For now, let's start by downloading the digits dataset and visualizing several of the example images with plt.imshow (see the following figure):

In [11]:

# load images of the digits 0 through 5 and visualize several of them
from sklearn.datasets import load_digits
digits = load_digits(n_class=6)

fig, ax = plt.subplots(8, 8, figsize=(6, 6))
for i, axi in enumerate(ax.flat):
    axi.imshow(digits.images[i], cmap='binary')
    axi.set(xticks=[], yticks=[])

Because each digit is defined by the hue of its 64 pixels, we can consider each digit to be a point lying in 64-dimensional space: each dimension represents the brightness of one pixel. Visualizing such high-dimensional data can be difficult, but one way to approach this task is to use a dimensionality reduction technique such as manifold learning to reduce the dimensionality of the data while maintaining the relationships of interest.

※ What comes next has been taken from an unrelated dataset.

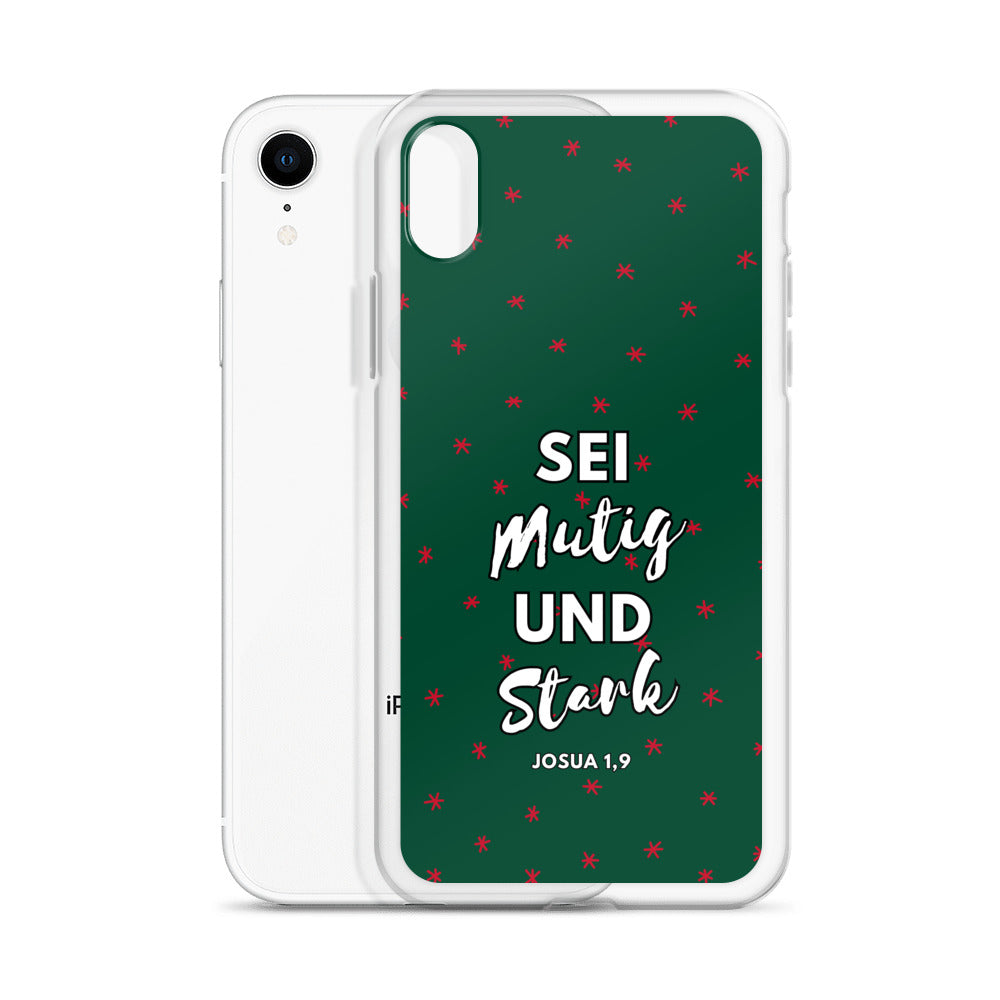 Sei mutig und stark Josua 1,9 iPhone-Hülle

Dimensionality reduction is an example of unsupervised machine learning, and we will discuss it in more detail in What Is Machine Learning?.

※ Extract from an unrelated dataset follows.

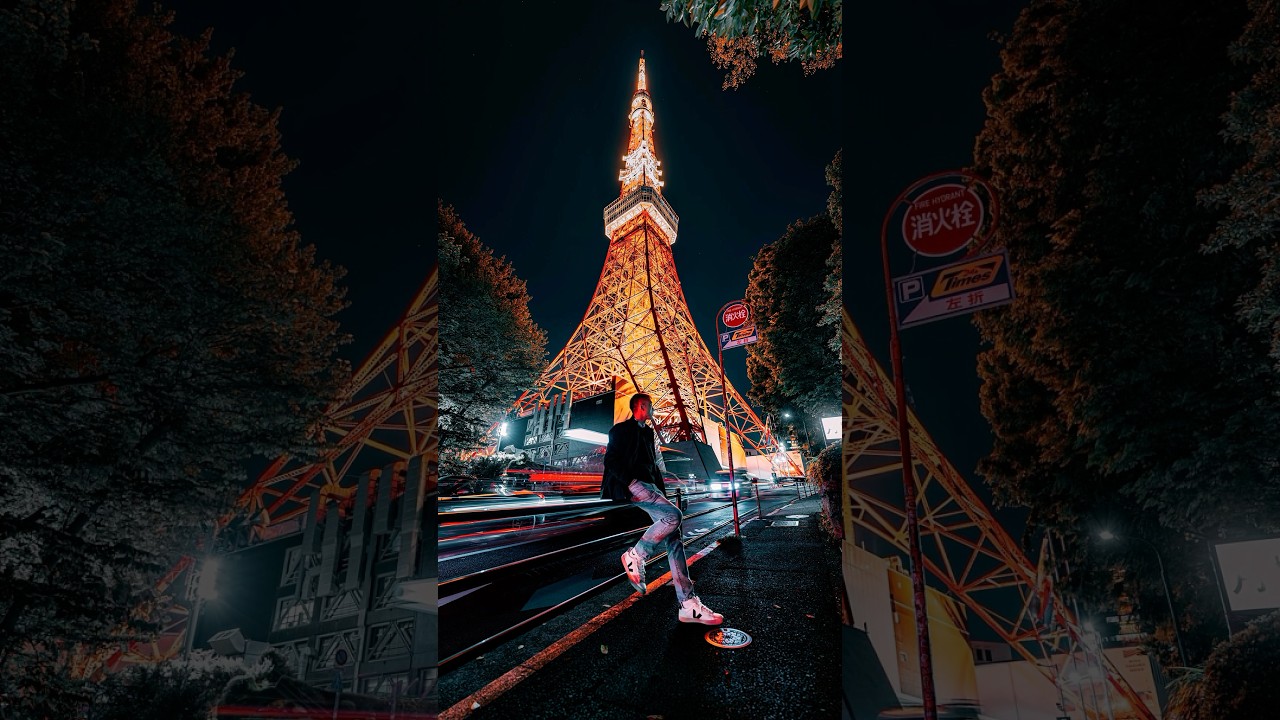 When you got no friend #shorts #photography #sonyalpha #sigma #tokyo #tokyotower #japan #vibes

Deferring the discussion of these details, let's take a look at a two-dimensional manifold learning projection of the digits data (see In-Depth: Manifold Learning for details):

In [12]:

# project the digits into 2 dimensions using Isomap
from sklearn.manifold import Isomap
iso = Isomap(n_components=2, n_neighbors=15)
projection = iso.fit_transform(digits.data)

We'll use our discrete colormap to view the results, setting the ticks and clim to improve the aesthetics of the resulting colorbar (see the following figure):

In [13]:

# plot the results
plt.scatter(projection[:, 0], projection[:, 1], lw=0.1,
            c=digits.target, cmap=plt.cm.get_cmap('plasma', 6))
plt.colorbar(ticks=range(6), label='digit value')
plt.clim(-0.5, 5.5)

The projection also gives us some insights on the relationships within the dataset: for example, the ranges of 2 and 3 nearly overlap in this projection, indicating that some handwritten 2s and 3s are difficult to distinguish, and may be more likely to be confused by an automated classification algorithm. Other values, like 0 and 1, are more distantly separated, and may be less likely to be confused.

We'll return to manifold learning and digit classification in Part 5.